From	nilsbunger@gmail.com
Date	2013-09-25 09:38 -0700
Subject	Newline interpretation issue with MIMEApplication with binary data, Python 3.3.2
Message-ID	<14063249-6159-48ff-bfe2-8e8d6e3cd7a4@googlegroups.com>

Hi, 

I'm having trouble encoding a MIME message with a binary file.  Newline characters are being interpreted even though the content is supposed to be binary. This is using Python 3.3.2

Small test case:

app = MIMEApplication(b'Q\x0dQ', _encoder=encode_noop)
b = io.BytesIO()
g = BytesGenerator(b)
g.flatten(app)
for i in b.getvalue()[-3:]:
    print ("%02x " % i, end="")
print ()

This prints 51 0a 51,  meaning the 0x0d character got reinterpreted as a newline. 

I've tried setting an email policy of HTTP policy, but that goes even further, converting \r to \r\n

This is for HTTP transport, so binary encoding is normal.

Any thoughts how I can do this properly?

[toc] | [next] | [standalone]

#54780

From	Chris Angelico <rosuav@gmail.com>
Date	2013-09-26 14:11 +1000
Message-ID	<mailman.335.1380168701.18130.python-list@python.org>
In reply to	#54752

On Thu, Sep 26, 2013 at 2:38 AM,  <nilsbunger@gmail.com> wrote:
> app = MIMEApplication(b'Q\x0dQ', _encoder=encode_noop)

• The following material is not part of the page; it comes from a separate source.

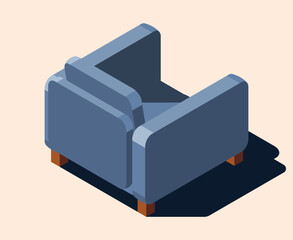 Isometric sofa. Modern sofa. Comfortable and cozy soft furniture. Isometric home furniture. Living room furniture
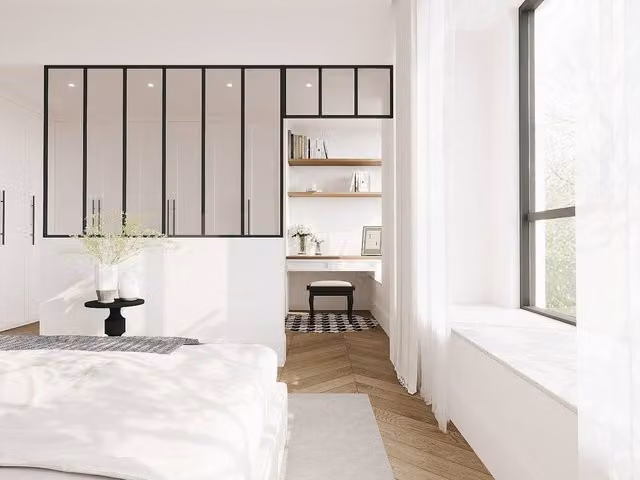Vente-unique Studio-Style Glass Panel in Powder Coated Aluminium, Black, W: 180 cm, H: 130 cm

What is MIMEApplication? It's not a builtin, so your test case is
missing an import, at least. Is this email.mime.MIMEApplication?

ChrisA

[toc] | [prev] | [next] | [standalone]

#54781

From	Nils Bunger <nilsbunger@gmail.com>
Date	2013-09-25 21:23 -0700
Message-ID	<870d6a97-613d-401f-ad03-0bbd3b088538@googlegroups.com>
In reply to	#54780

Chris, 

Thanks for answering. 

Yes, it's email.mime.MIMEApplication. I've pasted a snippet with the imports below.

I'm trying to use this to build a multi-part MIME message, with this as one part. 

I really can't figure out any way to attach a binary part like this to a multi-part MIME message without the encoding issue... any help would be greatly appreciate!

Nils

---------

import io
from email.mime.application import MIMEApplication
from email.generator import BytesGenerator
from email.encoders import  encode_noop

app = MIMEApplication(b'Q\x0dQ', _encoder=encode_noop)
b = io.BytesIO()
g = BytesGenerator(b)
g.flatten(app)
for i in b.getvalue()[-3:]:
    print("%02x " % i, end="")
print()

On Wednesday, September 25, 2013 9:11:31 PM UTC-7, Chris Angelico wrote:
> On Thu, Sep 26, 2013 at 2:38 AM,  <nilsbunger@gmail.com> wrote:
> 
> > app = MIMEApplication(b'Q\x0dQ', _encoder=encode_noop)
> 
> 
> 
> What is MIMEApplication? It's not a builtin, so your test case is
> 
> missing an import, at least. Is this email.mime.MIMEApplication?
> 
> 
> 
> ChrisA

[toc] | [prev] | [next] | [standalone]

#54782

From	Chris Angelico <rosuav@gmail.com>
Date	2013-09-26 14:32 +1000
Message-ID	<mailman.336.1380170351.18130.python-list@python.org>
In reply to	#54781

On Thu, Sep 26, 2013 at 2:23 PM, Nils Bunger <nilsbunger@gmail.com> wrote:
> Yes, it's email.mime.MIMEApplication. I've pasted a snippet with the imports below.
>
> I'm trying to use this to build a multi-part MIME message, with this as one part.
>
> I really can't figure out any way to attach a binary part like this to a multi-part MIME message without the encoding issue... any help would be greatly appreciate!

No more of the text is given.